In a surprising turn of events, Bill HB 5, proposed by Rep. Hunter, made its way through the legislative process despite initial doubts. The bill, which has sparked significant controversy, effectively eliminates final benefits for school districts and greatly reduces their involvement in the tax incentive process.
Eliminating School District Benefits:
The final version of Bill HB 5 brings about a seismic shift in how school districts will be impacted by tax incentives. It completely removes revenue protection payments, supplemental payments, and any other forms of financial support to school districts. It’s important to note that previously signed Ch. 313 Agreements remain unaffected.
Shifting Application Process:
Under the new legislation, the responsibility of reviewing applications is shifted from the school district board of trustees to the Comptroller’s office. Applicants will now submit their proposals directly to the Comptroller, who will conduct a thorough review. The Comptroller will then notify the Governor and the affected school district for final approval of the proposed form agreement.

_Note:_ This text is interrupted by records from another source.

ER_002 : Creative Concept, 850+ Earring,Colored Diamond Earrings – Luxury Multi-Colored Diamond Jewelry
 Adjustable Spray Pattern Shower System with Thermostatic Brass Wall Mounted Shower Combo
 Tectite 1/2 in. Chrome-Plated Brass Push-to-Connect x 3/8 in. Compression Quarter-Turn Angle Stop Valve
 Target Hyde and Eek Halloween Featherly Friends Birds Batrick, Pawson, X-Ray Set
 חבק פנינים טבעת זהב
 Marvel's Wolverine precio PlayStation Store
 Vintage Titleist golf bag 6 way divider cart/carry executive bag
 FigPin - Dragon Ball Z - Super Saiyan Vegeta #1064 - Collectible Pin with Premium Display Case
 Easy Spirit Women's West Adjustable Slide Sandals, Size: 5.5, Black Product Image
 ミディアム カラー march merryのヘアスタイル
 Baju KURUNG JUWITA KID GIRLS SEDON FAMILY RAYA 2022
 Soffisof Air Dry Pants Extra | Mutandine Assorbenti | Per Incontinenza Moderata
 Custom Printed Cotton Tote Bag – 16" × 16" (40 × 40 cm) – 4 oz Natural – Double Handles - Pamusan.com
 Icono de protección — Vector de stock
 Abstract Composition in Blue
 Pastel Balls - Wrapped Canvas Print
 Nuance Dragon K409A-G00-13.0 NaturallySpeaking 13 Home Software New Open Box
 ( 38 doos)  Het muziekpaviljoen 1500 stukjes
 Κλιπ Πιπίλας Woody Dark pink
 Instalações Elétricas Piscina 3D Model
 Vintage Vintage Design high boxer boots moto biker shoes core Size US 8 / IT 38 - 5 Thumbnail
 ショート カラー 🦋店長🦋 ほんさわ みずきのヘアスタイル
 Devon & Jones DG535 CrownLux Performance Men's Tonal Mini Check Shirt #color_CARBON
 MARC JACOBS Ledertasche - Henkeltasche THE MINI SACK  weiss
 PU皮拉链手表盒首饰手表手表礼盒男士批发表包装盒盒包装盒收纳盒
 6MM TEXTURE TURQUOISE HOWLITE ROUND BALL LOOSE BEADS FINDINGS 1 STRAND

Limited Scope and Exclusion of Renewable Energy:
Bill HB 5 establishes a 10-year corporate tax break, limiting the M&O (Maintenance and Operations) taxable value of a qualified project. However, the bill controversially excludes renewable energy, such as wind and solar, and battery storage projects from participating in these incentives. The qualifying projects include constructing or expanding facilities for manufacturing, providing utility services, developing natural resources, conducting high-tech research and development, and constructing critical infrastructure.
Incentive Percentages and Opportunity Zones:
Qualified projects will be eligible for a 50% tax incentive, while those located in opportunity zones will receive a higher incentive of 75%. These percentages aim to encourage businesses to invest in certain areas and promote economic growth. However, the exclusion of renewable energy projects raises questions about the state’s commitment to sustainable and clean energy solutions.
School Districts’ Limited Role:
The most significant change brought about by HB 5 is the near elimination of school districts’ involvement in the tax incentive process. Once the Comptroller and Governor approve the form agreement, school districts are left with a binary choice: either grant the 10-year tax incentive without considering M&O incentives or reject it.
Bill HB 5’s passage marks a notable departure from the traditional role of school districts in tax incentive programs. By removing benefits for school districts and shifting the application process to the Comptroller’s office, the bill significantly alters the dynamics of tax incentives. While proponents argue that this will attract businesses and drive economic development, critics worry about the financial implications for school districts and the exclusion of renewable energy projects. As the new program takes effect, the impact on local communities and educational funding will become clearer.